Thread Links Date Links
Thread Prev Thread Next Thread Index Date Prev Date Next Date Index

Re: Revised Motion 26 decoration scheme



Vincent Lefevre wrote:
On 2011-07-20 09:42:40 -0500, Nate Hayes wrote:
Vincent Lefevre wrote:
>As long as you don't need a format for data interchange between two
>different applications, this is not a problem. The compiler could
>optimize to store data in some more optimized way than taking a
>full 32-bit or 64-bit word for the decoration (e.g. by packing
>decorations in a word).

It doesn't matter. In fact, now the problem might be worse, since you are
breaking the interval data into different pieces with different memory
alignments: there is more memory locations to be accessed and some of
those
memory locations are now more likely not to be aligned.

So memory traffic on the bus increases, the cache is more heavily taxed,
and
many of the moves may be unaligned (which as Ian points out are even more
detrimental to performance).

That's the goal of the compiler to ensure that data are aligned. For
instance, if a 64-bit alignment is OK, then 8 decorated intervals
(I1,D1), ..., (I8,D8) could be stored in the following way:

I1 I2 ... I8 [D1 D2 ... D8]

where the 8 decorations are packed in a 64-bit word (4 would be
sufficient for a 32-bit alignment).

I understand.

But think about the problem now of "putting back together", say (I1,D1) and
(I7,D7) at the processor. You have to do the following:

   -- Load I1
   -- Load I7
   -- Load D1
   -- Load D7 (likely an unaligned memory access)

Thats a total of 4 memory moves, and one of them likely will be unaligned.
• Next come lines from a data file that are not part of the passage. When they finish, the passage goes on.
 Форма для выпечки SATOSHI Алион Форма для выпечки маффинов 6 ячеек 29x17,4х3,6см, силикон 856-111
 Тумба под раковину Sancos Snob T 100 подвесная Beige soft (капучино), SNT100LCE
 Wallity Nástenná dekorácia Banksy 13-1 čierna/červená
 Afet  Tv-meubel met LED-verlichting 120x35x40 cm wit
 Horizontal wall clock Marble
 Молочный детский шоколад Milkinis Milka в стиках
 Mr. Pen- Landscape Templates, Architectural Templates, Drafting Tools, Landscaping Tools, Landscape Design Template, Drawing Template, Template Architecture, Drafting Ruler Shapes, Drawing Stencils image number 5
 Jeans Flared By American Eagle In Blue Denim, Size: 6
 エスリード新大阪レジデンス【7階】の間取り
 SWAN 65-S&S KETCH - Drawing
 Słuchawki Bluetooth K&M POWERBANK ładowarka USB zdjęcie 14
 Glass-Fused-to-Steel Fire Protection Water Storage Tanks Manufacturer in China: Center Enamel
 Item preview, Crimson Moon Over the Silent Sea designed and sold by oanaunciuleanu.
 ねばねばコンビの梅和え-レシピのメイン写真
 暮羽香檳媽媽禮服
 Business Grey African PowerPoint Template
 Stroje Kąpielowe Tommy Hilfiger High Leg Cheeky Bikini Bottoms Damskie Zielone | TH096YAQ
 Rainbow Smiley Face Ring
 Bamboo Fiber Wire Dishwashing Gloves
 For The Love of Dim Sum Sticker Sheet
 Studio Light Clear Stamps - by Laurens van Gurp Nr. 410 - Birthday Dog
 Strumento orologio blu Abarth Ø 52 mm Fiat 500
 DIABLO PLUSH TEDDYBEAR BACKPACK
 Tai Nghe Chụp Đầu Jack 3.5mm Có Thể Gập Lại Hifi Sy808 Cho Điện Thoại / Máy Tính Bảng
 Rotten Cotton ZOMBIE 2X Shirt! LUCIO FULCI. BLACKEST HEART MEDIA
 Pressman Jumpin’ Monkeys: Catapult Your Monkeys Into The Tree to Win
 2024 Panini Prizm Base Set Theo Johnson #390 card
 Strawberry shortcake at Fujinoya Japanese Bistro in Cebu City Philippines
Of course, packing in such a way should be done with data locality
in mind. There may be compromises between the efficiency of packing
and the locality.

If the data is accessed in the same sequential pattern as the packing order,
this will be the best case. But it still requires extra memory moves for the
decorations.

If the data is accessed in any other pattern, then actual performance can be
worse, of course.



>I suppose that concerning (b), you would want the size of a FP datum
>to be reduced, so that it is possible to store the decoration in the
>holes?

No.

Bare intervals and bare decorations can fit in those holes using standard
IEEE 754 bit patterns.

Do you mean dropping decorations when an interval needs to be returned?

Yes, if it is safe to do so.

There is an algebraic structure for operations involving bare objects (see
the appropriate section in my Nov. 14 DRAFT paper, e.g.). Very briefly:
operations on bare intervals give the usual bare interval result, unless an
exception occurs and then a bare decoration is given as result instead. Once
a bare decoration appears in a computation, no subsequent operation in the
DET gives a bare interval result: the (worst) decoration always propagates
to the end (similar to how NaNs propagate in IEEE 754 computations).
Algebraically, it is closed.

I am NOT saying that users can't compute with decorated intervals, if they
wish. I have no objection if they do.

I'm only saying that in many cases always computing with decorated intervals
is a waste. In B&B, for example, the information provided by the decoration
portion of a decorated interval is not used if no exception occurs while
evaluating the DET; and likewise the information provided by the interval
portion of a decorated interval is not used if an exception *does* occur
while evaluating the DET.

So why should such an application be forced to suffer the performance
penalties and overheads incurred by computing with decorated intervals? In
such cases, the bare intervals and bare decorations can fit nicely into the
power-of-two memory holes using standard IEEE 754 bit patterns so optimal
performance can be achieved.

Nate

P.S. I note again that Motion 27 doesn't address arithmetic on bare objects.
This was planned for a future motion. I've only spent some time addressing
it now because it showed up in Motion 26.